Nice Aro... I think he is eating a rosy red !


----------



## jan (Apr 24, 2004)

Great aro's







Especially that Jardini looks very mean and beautiful, my compliments


----------



## Handikapped (Nov 5, 2004)

i think its a feeder goldfish that the silver is munching on


----------



## thePACK (Jan 3, 2003)

thanks guys and yeah it was feeder goldfish..once in awhile i like to see them chase food down..


----------



## waspride (Jun 13, 2004)

Great looking aro.


----------



## DiPpY eGgS (Mar 6, 2005)

nice fish! nice pics! .. I got rid of my arro after finding him on the floor 2ce a week.. LOL


----------



## Gordeez (Sep 21, 2003)

Wow!

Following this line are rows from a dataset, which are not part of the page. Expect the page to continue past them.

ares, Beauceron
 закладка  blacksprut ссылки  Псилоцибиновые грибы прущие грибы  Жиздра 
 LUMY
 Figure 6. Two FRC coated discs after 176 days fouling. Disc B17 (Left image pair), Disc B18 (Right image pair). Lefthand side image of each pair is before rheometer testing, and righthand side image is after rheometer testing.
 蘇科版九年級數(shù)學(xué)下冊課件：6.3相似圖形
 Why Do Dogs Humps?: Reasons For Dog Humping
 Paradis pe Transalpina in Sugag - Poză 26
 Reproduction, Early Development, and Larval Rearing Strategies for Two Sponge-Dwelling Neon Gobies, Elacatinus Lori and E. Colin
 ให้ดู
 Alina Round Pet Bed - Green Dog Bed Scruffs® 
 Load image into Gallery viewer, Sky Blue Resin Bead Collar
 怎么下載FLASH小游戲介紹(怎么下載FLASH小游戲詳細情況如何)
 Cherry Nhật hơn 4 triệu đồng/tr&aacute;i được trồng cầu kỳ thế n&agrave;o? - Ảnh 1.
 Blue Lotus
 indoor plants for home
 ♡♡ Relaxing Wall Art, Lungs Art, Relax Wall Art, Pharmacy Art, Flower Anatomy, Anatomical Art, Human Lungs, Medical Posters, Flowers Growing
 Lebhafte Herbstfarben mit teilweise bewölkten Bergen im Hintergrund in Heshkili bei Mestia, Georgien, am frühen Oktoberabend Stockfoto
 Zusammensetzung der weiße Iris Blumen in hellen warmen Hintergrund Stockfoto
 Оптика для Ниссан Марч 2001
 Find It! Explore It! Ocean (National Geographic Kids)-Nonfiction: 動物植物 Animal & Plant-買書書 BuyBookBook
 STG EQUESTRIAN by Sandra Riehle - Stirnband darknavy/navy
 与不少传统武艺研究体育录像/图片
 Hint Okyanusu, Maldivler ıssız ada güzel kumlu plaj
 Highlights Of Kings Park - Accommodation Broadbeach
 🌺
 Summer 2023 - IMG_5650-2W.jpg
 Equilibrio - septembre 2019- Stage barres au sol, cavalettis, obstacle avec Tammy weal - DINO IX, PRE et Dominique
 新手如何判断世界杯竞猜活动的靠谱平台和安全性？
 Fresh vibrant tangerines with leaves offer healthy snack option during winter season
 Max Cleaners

I didnt think you owned any fish :rasp: 
Great looking fish man. that second shot is some Sweet Action!


----------



## Serygo (May 17, 2004)

Is it me or is your Silver arowana under weight (either that, or my silver is FAT)











Gordeez said:


> Wow! I didnt think you owned any fish :rasp:
> Great looking fish man. that second shot is some Sweet Action!
> 
> 
> ...


I thought he only kept saltwater


----------



## thePACK (Jan 3, 2003)

Serygo said:


> Is it me or is your Silver arowana under weight (either that, or my silver is FAT)
> 
> 
> 
> ...


trust me,this guy eat like a pig..scarfs down pieces of shrimp every other day and pellets food everyday...

and on fish,i have a variety of fish ...from salt to fresh


----------



## mr.PIMP4969 (Jun 2, 2004)

what is that pink thing under the silver aros eye


----------